14. L’exécution de la présente ordonnance implique qu’il soit enjoint à la préfète du Bas-Rhin de réexaminer la demande de M. A dans un délai d’un mois à compter de la notification de la présente ordonnance et de lui délivrer, dans l’intervalle, une autorisation provisoire de séjour l’autorisant à travailler.
Sur les frais liés à l’instance :
15. Il y a lieu dans les circonstances de l’espèce, de mettre à la charge de l’Etat, qui est la partie perdante, une somme de 1000 euros à verser à M. A en application des dispositions de l’article L.761-1 du code de justice administrative.
O R D O N N E
Article 1 : L’exécution de la décision implicite par laquelle la préfète du Bas-Rhin a refusé de délivrer à M. A une carte de séjour temporaire portant la mention « vie privée et familiale » est suspendue jusqu’à ce qu’il soit statué au fond sur la légalité de la décision attaquée.
Article 2 : Il est enjoint à la préfète du Bas-Rhin de réexaminer la demande de M. A et de lui délivrer une attestation de prolongation d’instruction valant autorisation provisoire de séjour l’autorisant à travailler valable jusqu’à ce qu’il soit statué au fond, dans le délai d’un mois à compter de la mise à disposition de cette ordonnance.

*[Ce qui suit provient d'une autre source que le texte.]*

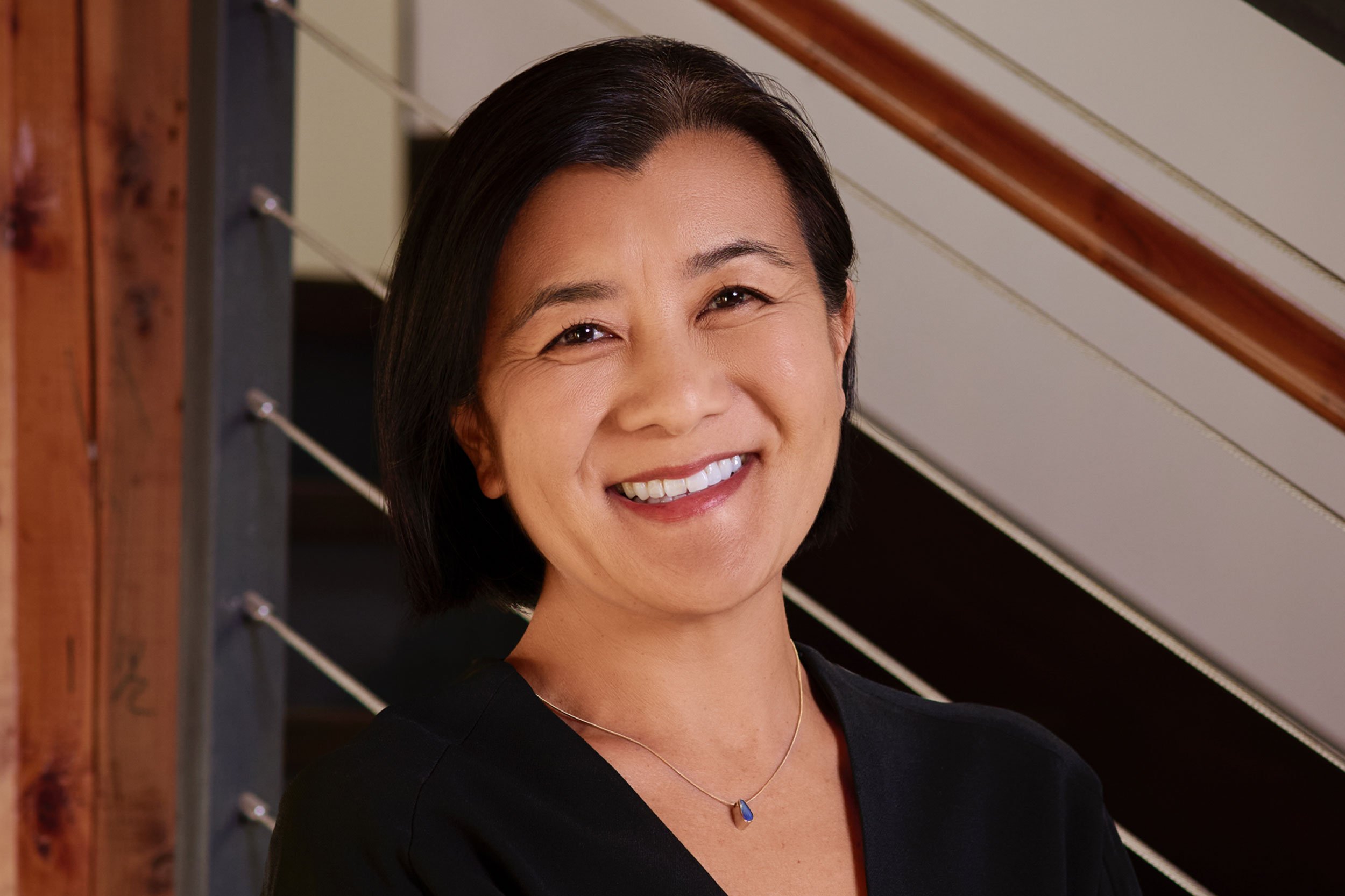 Alison Morita in black in front of office stairs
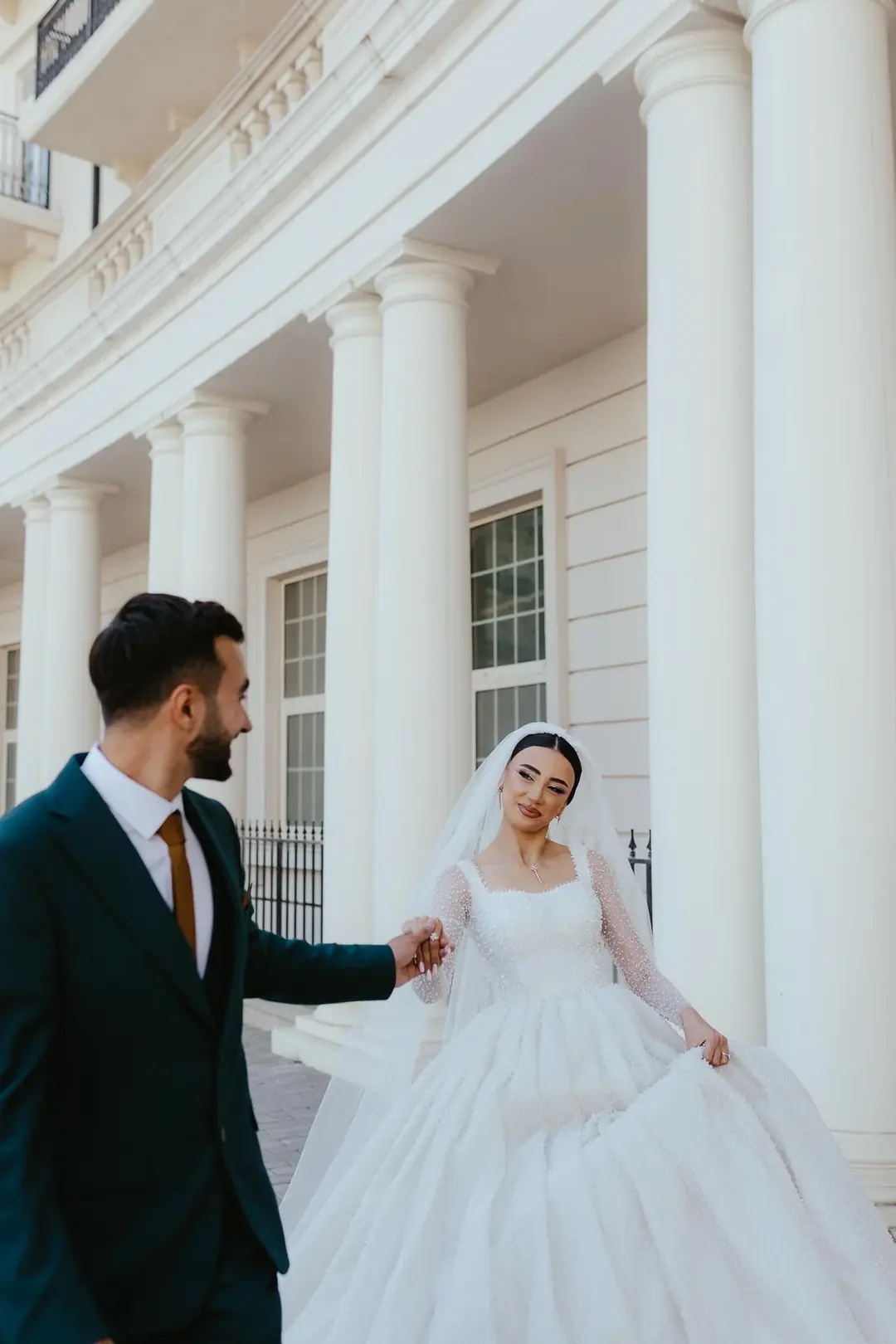 A groom leading the bride by the hand past tall white columns, her full pearl-covered gown gathered in her other hand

Article 3 : L’Etat versera la somme de 1 000 euros à M. A en application de l’article L. 761-1 du code de justice administrative.
Article 4 : La présente ordonnance sera notifiée à M. B A et à la préfète du Bas-Rhin. Copie en sera adressée au ministre de l’intérieur et des outre-mer et au procureur de la République près le tribunal judiciaire de Strasbourg.
Fait à Strasbourg, le 12 juillet 2024.
Le juge des référés,
A. Laubriat
La République mande et ordonne à la préfète du Bas-Rhin en ce qui la concerne et à tous commissaires de justice à ce requis en ce qui concerne les voies de droit commun contre les parties privées de pourvoir à l’exécution de la présente ordonnance.